As I enter her name into my special Hall of Fame, here are the other books which have made the top spot going back to 2008.

2020 – The Great Believers – Rebecca Makkai (2018) (USA)

2019 – Swan Song – Kelleigh Greenberg-Jephcott (2018) (USA)

2018- The Count Of Monte Cristo – Alexandre Dumas (1845) (France)

2017 – The Heart’s Invisible Furies – John Boyne (2017) (Ireland)

2016- Joe Speedboat – Tommy Wieringa (2016) (Netherlands)

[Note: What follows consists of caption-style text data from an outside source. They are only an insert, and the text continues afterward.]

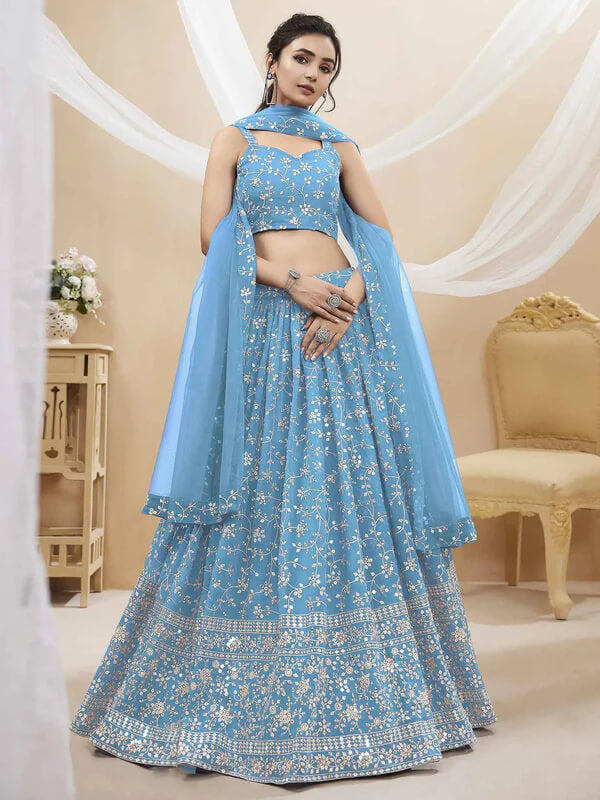 Sky Blue Georgette Lehenga with Sequins & Zari Work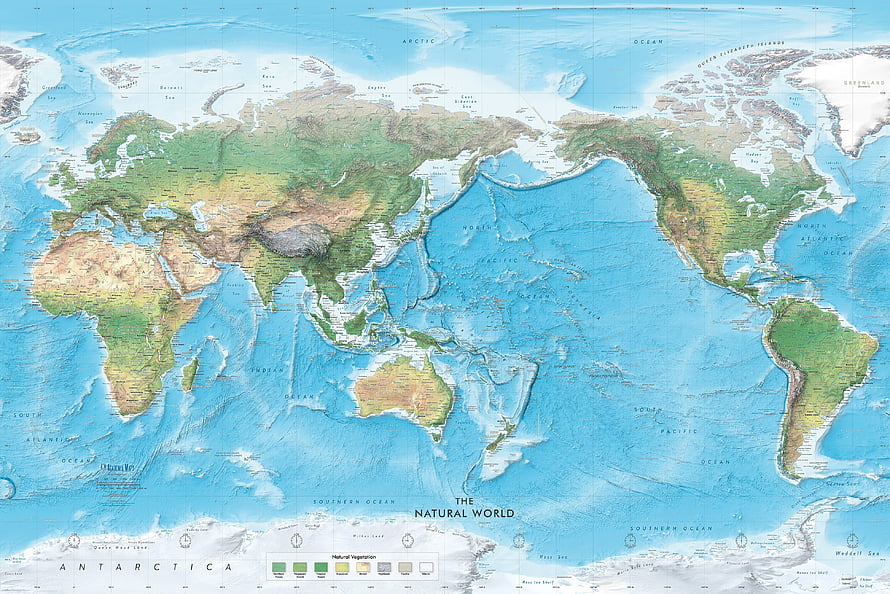 Physical World Map Mural with Natural Vegetation and Topographic Relief HD wallpaper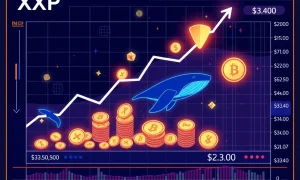 XRP price chart showing bullish breakout pattern with key resistance levels and whale accumulation signals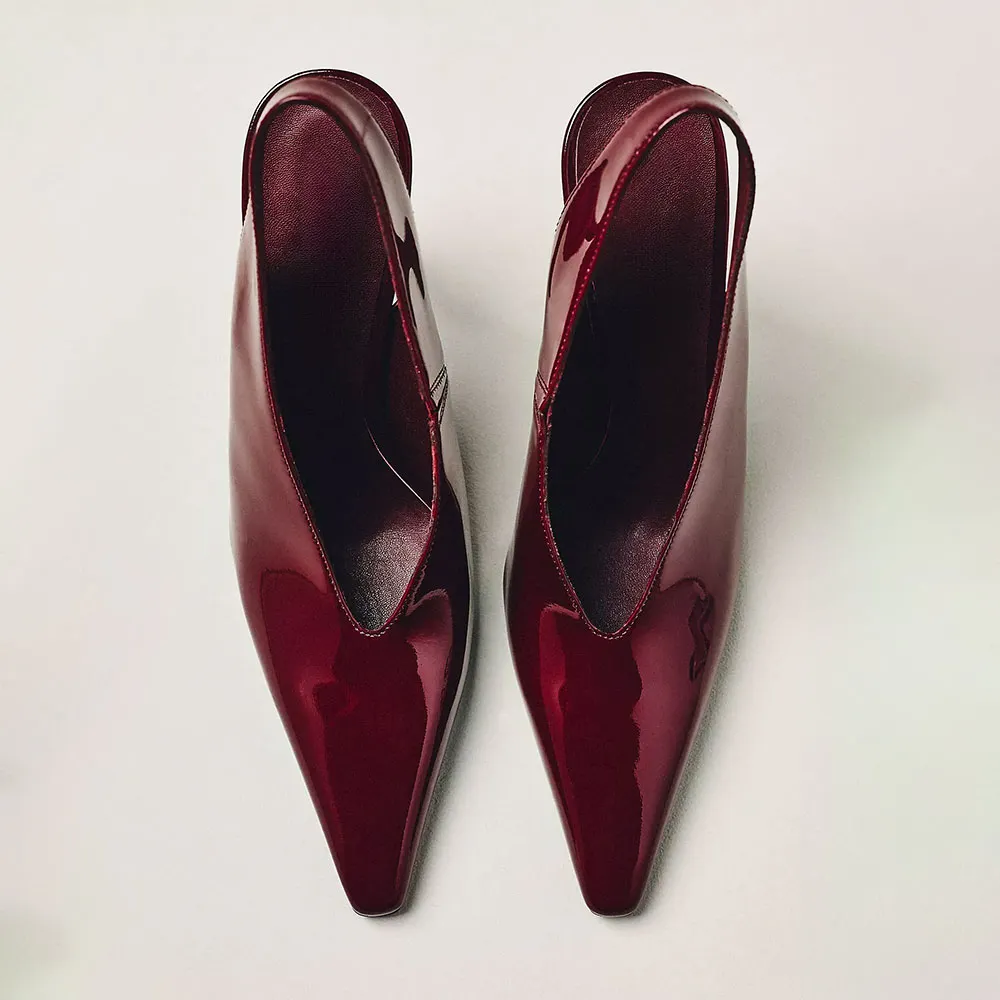 Patent Leather Pointed Toe Slip On Maroon Slingback Pumps Heels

2015- Alone In Berlin- Hans Fallada (2009 translation of a 1947 novel) (Germany)

2014- The Wanderers – Richard Price (1974) (USA)

2013- The Secrets Of The Chess Machine – Robert Lohr (2007) (Germany)

2012 – The Book Of Human Skin – Michelle Lovric (2010) (UK)

2011 – The Help- Kathryn Stockett (2009) (USA)

2010- The Disco Files 1973-78 – Vince Aletti (1998) (USA)

2009- Tokyo – Mo Hayder (2004) (UK)

2008- The Book Thief – Markus Zusak (2007) (Australia)

This year there were more five star reads than I could fit into my Top 10 so special mentions go to the three books who missed out on the list – “The Recovery Of Rose Gold” by Stephanie Wrobel (2020), “Blonde” – Joyce Carol Oates (2000) and “We Have Always Lived In The Castle” – Shirley Jackson (1962)

Happy New Year to you all, let’s hope for a less challenging year and that there will be lots of great reading in 2021!